Squirrel season opened Friday the 15, the 15th is when the season opened since a long time ago as a boy hanging on dads knees as he waded the deep grasses of fence rows and other places small game he hunted hung out. 


The 15th is also the opening day of fire arm deer season in November here so there is some thing about the 15th Me thinks.


As a young 10 year old I was allowed to hunt small game alone, back in those days the Partridge was on a huge up cycle. I really believe it was because of the clear cutting all the wood lots back then for timber and pulp wood for the rest. That resulted in berry bushes to come up like crazy and small popple trees and others providing cover and food. Any way opening day from 1960 to 1989 would find me in those same woods hunting Pats as we called them. About 1975 the populations we found were dropping and we didn’t get as many flushes a day as we once did. We had sections of the wood lot clear cut again and my brother says he is flushing pats nearly as often as we once did in the mid 1960.


But today I look forward to small game season, not for those pats as I once did but for the squirrels. Squirrels were on the slim side last year but so were the Acorns, and Hickory nuts, the farmer also had planted Soy beans in the fields around me so the stand by corn wasn’t there to support the squirrels. 


I have joked I saw squirrels by the hundreds with a vagabond pack heading across fields to wood lots near corn fields last year. But that was only a joke but I didn’t see near as many squirrels as in the past.


This year it is different lots of acorns and hickory nuts so heavy in the trees some branches are breaking off and falling. Many are saging really bad too, due to the amount of nuts in a tree.


Friday I had to do some work, Saturday we attended a car show so Sunday was the first chance I could get out.


I chose the Hornet with my hand loaded 22Lr speed ammo for the hunt. OH was not really a hunt more like a sniping session, go find a spot and sit. Half an hour and I had my limit of 5 and had not moved from that one spot.

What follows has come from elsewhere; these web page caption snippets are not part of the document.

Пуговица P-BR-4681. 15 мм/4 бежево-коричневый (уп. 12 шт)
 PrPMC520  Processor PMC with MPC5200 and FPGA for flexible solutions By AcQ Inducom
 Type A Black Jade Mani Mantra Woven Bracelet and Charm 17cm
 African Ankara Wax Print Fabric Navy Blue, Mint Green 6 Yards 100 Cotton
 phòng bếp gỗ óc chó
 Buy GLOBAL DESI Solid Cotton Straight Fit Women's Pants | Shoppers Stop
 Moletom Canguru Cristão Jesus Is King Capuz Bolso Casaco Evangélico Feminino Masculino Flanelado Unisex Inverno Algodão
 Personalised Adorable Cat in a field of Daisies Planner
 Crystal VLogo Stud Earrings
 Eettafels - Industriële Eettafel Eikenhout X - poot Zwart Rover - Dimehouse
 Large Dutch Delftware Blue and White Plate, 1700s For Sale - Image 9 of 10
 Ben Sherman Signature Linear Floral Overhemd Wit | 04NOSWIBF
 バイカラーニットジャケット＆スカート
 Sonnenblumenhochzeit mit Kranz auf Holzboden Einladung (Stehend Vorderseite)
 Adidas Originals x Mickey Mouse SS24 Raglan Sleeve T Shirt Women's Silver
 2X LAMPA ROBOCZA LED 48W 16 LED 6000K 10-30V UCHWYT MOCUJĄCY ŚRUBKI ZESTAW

Hope to have bacon wrapped baked squirrel for dinner today. 
I have to tell all the people who are city slickers and have taken up city slicker ways that dinner is the mid day meal at home, Lunch is the mid day meal at work or out fishing or hunting away from home and the evening meal is supper.


 Al


----------



## MechanicMatt (Sep 30, 2017)

Tomorrow is opening day of bow season, Can NOT wait!!!


----------



## 2lungs (Oct 21, 2017)

alleyyooper said:


> Squirrel season opened Friday the 15, the 15th is when the season opened since a long time ago as a boy hanging on dads knees as he waded the deep grasses of fence rows and other places small game he hunted hung out.
> 
> 
> The 15th is also the opening day of fire arm deer season in November here so there is some thing about the 15th Me thinks.
> ...


When I was a kid here in Mi. in the 60's squirrel season started oct 20 or 21 and didn't last very long like it does these days . Sure still enjoy hunting and eating them tree rats


----------